One part of the development cycle that took lots of time is creating a data loader. Almost every real world project requires the developer to carefully plan this part. The bigger the dataset, the more effort needed to develop efficient loaders.

In this blog post, I want to share three methods of data loading that are useful for any Keras projects.

Built-in Image Generator

This generator assume you to arrange your data in this format.

└───data
    ├───test_set
    │   ├───cats
    │   └───dogs
    └───training_set
        ├───cats
        └───dogs

The data are placed in their respective classes. Test and train set have the same number of classes. This arrangement can utilize Keras built-in ImageDataGenerator feature.

def get_generator(data_path, batch_size, image_size, label_type, training=True):

    if training:
        datagen = ImageDataGenerator(
            width_shift_range=0.1, height_shift_range=0.1,
            shear_range=0.2, zoom_range=0.2, horizontal_flip=True,
            rescale=1. / 255.0
        )
        shuffle=True
    else:
        datagen = ImageDataGenerator(
            rescale=1. / 255.0
        )
        shuffle=False

    data_flow = datagen.flow_from_directory(
        directory=data_path, batch_size=batch_size,
        target_size=image_size, class_mode=label_type,
        shuffle=shuffle
    )

    return data_flow

In the code above, the data_path is the directory containing all the classes, i.e test_set, train_set. Usually, training and testing data required different preprocessing steps. You can apply data transformation by passing the options wanted.

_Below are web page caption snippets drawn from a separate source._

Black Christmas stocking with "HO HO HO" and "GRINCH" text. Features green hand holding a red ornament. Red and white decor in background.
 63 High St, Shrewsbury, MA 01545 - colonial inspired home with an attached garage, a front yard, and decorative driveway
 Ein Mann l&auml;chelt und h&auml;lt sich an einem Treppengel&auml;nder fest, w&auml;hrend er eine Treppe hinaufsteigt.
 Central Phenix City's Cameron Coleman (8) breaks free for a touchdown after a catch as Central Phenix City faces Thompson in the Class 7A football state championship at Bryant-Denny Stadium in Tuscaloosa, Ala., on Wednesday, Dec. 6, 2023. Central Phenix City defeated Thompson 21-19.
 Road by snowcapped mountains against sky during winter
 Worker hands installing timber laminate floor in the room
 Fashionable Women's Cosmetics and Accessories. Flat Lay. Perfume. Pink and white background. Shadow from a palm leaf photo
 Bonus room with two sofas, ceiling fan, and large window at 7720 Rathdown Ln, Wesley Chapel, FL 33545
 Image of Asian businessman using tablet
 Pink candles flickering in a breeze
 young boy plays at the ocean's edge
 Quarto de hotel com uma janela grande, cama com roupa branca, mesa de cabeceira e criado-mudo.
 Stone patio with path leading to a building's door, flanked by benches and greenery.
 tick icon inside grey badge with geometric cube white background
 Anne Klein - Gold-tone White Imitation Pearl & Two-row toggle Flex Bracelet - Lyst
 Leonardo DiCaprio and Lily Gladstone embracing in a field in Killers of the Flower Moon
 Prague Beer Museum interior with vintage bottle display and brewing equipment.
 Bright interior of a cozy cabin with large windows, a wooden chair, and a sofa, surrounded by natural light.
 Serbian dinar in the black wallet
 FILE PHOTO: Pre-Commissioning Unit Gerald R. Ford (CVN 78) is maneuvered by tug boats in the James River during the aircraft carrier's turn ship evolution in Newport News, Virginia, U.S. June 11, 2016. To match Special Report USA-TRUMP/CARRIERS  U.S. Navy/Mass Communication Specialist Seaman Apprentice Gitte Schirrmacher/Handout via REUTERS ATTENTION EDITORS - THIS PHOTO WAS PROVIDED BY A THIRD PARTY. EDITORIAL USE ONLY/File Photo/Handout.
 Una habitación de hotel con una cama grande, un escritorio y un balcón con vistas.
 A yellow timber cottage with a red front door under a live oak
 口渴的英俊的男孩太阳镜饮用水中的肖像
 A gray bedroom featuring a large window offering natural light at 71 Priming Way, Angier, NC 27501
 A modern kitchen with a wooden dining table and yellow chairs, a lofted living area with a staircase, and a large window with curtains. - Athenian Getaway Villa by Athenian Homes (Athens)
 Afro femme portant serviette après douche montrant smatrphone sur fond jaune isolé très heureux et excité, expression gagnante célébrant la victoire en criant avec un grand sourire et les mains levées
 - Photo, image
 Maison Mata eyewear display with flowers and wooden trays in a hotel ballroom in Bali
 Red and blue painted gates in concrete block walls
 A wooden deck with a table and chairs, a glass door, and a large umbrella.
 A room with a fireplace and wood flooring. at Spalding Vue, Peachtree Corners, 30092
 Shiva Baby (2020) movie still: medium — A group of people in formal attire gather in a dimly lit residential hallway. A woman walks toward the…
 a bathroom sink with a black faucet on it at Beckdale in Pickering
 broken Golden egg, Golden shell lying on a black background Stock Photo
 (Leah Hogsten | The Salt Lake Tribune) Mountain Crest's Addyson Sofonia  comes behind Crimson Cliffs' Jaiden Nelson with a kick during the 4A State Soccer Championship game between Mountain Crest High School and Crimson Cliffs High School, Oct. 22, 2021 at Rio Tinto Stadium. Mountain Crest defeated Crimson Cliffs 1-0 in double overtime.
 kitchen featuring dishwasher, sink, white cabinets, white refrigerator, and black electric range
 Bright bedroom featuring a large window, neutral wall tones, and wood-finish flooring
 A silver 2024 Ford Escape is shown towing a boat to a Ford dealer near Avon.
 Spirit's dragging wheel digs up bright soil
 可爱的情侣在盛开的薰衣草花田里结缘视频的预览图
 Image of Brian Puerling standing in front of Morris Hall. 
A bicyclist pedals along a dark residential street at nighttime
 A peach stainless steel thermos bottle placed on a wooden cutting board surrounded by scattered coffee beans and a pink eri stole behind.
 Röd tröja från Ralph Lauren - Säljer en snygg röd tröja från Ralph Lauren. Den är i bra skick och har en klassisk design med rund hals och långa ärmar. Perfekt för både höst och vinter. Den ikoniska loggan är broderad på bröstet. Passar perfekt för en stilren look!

The flow_from_directory method will do the heavy work to pull out and apply preprocessing to your data. One thing to note is the class_mode argument. You have to choose the right class mode to ensure the labels are processed correctly. Refer to Keras documentation to see more control options.

Custom Data Generator 1

Sometimes, you may need a lot more preprocessing steps that are not available in the built-in feature. This is when a custom Data Loader is useful. Take example of the dataset below,

data/test_set\cats\cat.4999.jpg	cats
data/test_set\cats\cat.5000.jpg	cats
data/test_set\dogs\dog.4001.jpg	dogs
data/test_set\dogs\dog.4002.jpg	dogs

The dataset is for cats vs dogs classifier. All the paths and labels are saved into train and test txt files which can be loaded into lists using the code below.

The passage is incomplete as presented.